====== SOURCE DATA ======
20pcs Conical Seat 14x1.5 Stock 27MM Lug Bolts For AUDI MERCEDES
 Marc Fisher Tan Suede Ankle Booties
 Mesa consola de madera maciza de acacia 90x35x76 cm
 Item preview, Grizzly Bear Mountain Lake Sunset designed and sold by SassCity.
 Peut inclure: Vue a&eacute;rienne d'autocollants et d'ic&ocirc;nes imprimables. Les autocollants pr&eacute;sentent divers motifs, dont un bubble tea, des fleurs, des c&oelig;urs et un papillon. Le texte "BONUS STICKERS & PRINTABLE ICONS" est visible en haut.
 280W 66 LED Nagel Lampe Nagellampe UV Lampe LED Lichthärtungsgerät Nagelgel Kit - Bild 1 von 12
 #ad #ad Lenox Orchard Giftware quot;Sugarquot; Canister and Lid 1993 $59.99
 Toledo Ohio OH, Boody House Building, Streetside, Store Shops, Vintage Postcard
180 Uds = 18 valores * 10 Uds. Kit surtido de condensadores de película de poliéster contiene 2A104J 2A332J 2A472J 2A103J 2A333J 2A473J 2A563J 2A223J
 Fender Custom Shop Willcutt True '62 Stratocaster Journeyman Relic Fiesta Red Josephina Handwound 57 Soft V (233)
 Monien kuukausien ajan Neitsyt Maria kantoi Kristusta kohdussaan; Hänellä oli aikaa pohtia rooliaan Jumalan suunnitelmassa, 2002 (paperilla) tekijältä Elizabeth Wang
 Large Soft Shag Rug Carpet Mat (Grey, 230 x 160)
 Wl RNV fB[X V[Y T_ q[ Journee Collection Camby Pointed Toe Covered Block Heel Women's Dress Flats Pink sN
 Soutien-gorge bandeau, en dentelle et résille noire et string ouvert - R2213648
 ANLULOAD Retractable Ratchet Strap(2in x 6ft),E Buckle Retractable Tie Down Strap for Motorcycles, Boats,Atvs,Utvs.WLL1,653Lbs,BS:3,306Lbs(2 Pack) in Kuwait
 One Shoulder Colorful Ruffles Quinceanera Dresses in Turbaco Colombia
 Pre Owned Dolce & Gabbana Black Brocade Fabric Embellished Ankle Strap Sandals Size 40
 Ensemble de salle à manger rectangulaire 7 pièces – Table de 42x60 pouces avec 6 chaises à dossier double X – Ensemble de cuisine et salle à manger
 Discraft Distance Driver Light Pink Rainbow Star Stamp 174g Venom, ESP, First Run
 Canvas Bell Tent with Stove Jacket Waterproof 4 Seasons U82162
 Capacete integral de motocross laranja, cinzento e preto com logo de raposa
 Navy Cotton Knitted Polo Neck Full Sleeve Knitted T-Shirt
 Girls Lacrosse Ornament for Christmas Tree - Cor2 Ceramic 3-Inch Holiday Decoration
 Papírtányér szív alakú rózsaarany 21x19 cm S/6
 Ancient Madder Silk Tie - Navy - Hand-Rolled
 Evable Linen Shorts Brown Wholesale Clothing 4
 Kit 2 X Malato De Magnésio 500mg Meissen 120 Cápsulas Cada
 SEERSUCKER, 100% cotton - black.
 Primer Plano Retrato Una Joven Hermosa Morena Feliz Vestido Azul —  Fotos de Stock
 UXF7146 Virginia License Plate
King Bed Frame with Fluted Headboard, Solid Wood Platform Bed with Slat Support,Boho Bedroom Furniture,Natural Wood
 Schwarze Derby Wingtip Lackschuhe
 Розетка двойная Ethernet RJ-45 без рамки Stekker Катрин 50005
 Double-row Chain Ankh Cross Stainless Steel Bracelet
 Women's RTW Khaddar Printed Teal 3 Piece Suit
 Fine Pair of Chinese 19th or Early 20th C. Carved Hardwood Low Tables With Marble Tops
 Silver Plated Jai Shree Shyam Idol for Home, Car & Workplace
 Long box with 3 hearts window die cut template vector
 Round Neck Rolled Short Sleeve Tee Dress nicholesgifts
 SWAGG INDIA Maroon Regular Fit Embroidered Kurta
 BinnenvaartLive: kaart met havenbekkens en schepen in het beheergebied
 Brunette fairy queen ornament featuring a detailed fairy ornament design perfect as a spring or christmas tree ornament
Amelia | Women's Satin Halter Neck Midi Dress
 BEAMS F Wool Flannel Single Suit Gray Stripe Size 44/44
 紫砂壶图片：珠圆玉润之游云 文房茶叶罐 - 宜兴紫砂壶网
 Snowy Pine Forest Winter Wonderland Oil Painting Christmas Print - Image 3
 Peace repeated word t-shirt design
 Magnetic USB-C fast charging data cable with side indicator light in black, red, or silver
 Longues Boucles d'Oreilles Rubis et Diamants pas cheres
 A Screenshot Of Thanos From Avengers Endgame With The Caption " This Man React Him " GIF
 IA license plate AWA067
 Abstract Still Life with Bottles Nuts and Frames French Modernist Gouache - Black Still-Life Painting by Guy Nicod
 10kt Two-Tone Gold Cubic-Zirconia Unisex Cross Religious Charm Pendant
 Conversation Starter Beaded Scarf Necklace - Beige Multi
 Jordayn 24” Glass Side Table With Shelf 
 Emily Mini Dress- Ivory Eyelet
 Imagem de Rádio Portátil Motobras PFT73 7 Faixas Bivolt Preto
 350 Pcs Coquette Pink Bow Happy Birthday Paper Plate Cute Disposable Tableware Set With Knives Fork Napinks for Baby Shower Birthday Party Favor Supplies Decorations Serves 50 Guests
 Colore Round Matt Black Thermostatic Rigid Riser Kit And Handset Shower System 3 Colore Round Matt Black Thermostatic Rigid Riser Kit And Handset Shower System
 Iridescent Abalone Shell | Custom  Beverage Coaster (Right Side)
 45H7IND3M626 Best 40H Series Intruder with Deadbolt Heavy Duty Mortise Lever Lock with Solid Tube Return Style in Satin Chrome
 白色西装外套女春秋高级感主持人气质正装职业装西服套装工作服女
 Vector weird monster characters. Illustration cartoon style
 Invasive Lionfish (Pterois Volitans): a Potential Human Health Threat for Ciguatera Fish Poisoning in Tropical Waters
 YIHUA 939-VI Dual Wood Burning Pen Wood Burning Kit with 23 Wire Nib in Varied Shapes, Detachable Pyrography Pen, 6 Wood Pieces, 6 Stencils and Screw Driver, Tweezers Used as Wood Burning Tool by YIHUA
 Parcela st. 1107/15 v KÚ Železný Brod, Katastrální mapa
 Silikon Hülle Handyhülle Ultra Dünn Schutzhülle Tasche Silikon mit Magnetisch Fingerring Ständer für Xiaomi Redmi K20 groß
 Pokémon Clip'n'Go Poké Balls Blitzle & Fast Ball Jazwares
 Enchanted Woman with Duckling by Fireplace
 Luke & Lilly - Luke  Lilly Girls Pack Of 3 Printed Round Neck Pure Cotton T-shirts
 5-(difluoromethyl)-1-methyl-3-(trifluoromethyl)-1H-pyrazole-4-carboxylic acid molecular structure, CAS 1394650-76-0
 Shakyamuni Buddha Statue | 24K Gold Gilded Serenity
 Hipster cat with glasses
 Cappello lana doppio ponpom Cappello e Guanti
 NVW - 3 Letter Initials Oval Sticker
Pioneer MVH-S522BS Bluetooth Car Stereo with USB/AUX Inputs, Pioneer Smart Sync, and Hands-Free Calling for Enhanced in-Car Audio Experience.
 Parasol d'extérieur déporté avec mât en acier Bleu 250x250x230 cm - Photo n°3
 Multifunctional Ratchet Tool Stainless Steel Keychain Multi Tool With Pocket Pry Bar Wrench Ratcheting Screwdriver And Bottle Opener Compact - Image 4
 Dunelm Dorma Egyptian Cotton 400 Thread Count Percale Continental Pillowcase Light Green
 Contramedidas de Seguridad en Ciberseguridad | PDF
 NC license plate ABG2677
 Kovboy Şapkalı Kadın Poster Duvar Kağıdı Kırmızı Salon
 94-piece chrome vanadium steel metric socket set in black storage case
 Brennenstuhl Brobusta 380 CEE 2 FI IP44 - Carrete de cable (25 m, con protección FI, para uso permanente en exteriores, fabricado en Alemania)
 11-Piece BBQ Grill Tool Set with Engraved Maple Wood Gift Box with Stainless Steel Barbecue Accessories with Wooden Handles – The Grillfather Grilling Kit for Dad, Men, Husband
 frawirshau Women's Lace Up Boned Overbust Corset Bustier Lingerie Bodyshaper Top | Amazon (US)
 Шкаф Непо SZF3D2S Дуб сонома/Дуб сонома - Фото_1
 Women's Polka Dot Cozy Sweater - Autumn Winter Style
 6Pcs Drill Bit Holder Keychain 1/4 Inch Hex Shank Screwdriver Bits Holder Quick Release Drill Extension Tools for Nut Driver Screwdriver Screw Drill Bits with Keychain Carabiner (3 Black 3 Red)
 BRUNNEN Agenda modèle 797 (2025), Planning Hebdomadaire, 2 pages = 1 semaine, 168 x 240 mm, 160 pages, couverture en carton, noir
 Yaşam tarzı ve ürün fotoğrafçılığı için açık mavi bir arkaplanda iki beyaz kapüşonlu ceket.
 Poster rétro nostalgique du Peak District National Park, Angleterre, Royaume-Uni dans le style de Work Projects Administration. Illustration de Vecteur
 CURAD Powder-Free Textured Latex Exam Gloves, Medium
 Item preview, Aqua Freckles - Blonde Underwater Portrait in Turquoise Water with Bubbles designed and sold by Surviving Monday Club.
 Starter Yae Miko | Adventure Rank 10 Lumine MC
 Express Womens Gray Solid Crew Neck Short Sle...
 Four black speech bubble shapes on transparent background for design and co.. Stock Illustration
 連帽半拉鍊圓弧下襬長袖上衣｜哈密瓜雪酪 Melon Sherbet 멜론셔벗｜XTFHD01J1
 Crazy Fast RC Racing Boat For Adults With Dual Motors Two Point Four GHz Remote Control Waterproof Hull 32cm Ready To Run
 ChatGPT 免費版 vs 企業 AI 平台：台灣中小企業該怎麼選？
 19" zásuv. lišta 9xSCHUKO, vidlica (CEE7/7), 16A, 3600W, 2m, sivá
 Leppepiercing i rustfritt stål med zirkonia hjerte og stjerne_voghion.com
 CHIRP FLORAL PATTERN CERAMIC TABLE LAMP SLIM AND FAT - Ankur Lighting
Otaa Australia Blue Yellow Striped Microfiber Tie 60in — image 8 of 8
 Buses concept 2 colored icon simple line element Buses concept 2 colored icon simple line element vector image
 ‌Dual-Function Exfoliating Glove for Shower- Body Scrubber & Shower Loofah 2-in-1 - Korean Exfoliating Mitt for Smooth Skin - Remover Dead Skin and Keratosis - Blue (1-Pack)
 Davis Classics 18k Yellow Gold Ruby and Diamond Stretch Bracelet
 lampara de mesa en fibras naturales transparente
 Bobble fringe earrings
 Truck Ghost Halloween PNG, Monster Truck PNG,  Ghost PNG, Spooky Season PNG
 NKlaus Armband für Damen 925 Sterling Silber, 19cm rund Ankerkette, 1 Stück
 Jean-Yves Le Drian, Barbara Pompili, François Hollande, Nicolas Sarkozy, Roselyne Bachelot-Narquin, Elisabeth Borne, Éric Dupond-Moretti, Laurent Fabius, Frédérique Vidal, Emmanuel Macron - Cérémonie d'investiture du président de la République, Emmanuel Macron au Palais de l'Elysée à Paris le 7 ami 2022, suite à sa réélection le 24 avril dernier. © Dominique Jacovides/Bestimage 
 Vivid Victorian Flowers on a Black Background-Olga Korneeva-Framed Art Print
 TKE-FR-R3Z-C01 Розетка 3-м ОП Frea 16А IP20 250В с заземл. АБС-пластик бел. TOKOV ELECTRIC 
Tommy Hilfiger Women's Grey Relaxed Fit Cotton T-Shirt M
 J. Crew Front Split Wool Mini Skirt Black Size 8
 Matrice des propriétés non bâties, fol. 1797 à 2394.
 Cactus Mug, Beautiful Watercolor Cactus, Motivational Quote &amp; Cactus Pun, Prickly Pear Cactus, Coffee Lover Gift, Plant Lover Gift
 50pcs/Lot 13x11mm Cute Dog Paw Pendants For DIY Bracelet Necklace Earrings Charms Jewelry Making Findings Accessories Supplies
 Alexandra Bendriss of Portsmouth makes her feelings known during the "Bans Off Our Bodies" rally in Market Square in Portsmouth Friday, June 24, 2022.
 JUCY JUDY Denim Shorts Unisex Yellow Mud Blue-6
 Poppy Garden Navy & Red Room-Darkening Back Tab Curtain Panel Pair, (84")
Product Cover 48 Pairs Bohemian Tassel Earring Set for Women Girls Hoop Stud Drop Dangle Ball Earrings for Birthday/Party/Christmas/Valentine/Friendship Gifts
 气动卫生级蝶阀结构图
======
- **WHAT THE TASK ASKS**: Restate word for word the lines of the data above, starting at the line containing "YIHUA 939-VI Dual" and ending at the line containing "Шкаф Непо SZF3D2S", both included, and nothing more.

- **ANSWER BOX**:
 YIHUA 939-VI Dual Wood Burning Pen Wood Burning Kit with 23 Wire Nib in Varied Shapes, Detachable Pyrography Pen, 6 Wood Pieces, 6 Stencils and Screw Driver, Tweezers Used as Wood Burning Tool by YIHUA
 Parcela st. 1107/15 v KÚ Železný Brod, Katastrální mapa
 Silikon Hülle Handyhülle Ultra Dünn Schutzhülle Tasche Silikon mit Magnetisch Fingerring Ständer für Xiaomi Redmi K20 groß
 Pokémon Clip'n'Go Poké Balls Blitzle & Fast Ball Jazwares
 Enchanted Woman with Duckling by Fireplace
 Luke & Lilly - Luke  Lilly Girls Pack Of 3 Printed Round Neck Pure Cotton T-shirts
 5-(difluoromethyl)-1-methyl-3-(trifluoromethyl)-1H-pyrazole-4-carboxylic acid molecular structure, CAS 1394650-76-0
 Shakyamuni Buddha Statue | 24K Gold Gilded Serenity
 Hipster cat with glasses
 Cappello lana doppio ponpom Cappello e Guanti
 NVW - 3 Letter Initials Oval Sticker
Pioneer MVH-S522BS Bluetooth Car Stereo with USB/AUX Inputs, Pioneer Smart Sync, and Hands-Free Calling for Enhanced in-Car Audio Experience.
 Parasol d'extérieur déporté avec mât en acier Bleu 250x250x230 cm - Photo n°3
 Multifunctional Ratchet Tool Stainless Steel Keychain Multi Tool With Pocket Pry Bar Wrench Ratcheting Screwdriver And Bottle Opener Compact - Image 4
 Dunelm Dorma Egyptian Cotton 400 Thread Count Percale Continental Pillowcase Light Green
 Contramedidas de Seguridad en Ciberseguridad | PDF
 NC license plate ABG2677
 Kovboy Şapkalı Kadın Poster Duvar Kağıdı Kırmızı Salon
 94-piece chrome vanadium steel metric socket set in black storage case
 Brennenstuhl Brobusta 380 CEE 2 FI IP44 - Carrete de cable (25 m, con protección FI, para uso permanente en exteriores, fabricado en Alemania)
 11-Piece BBQ Grill Tool Set with Engraved Maple Wood Gift Box with Stainless Steel Barbecue Accessories with Wooden Handles – The Grillfather Grilling Kit for Dad, Men, Husband
 frawirshau Women's Lace Up Boned Overbust Corset Bustier Lingerie Bodyshaper Top | Amazon (US)
 Шкаф Непо SZF3D2S Дуб сонома/Дуб сонома - Фото_1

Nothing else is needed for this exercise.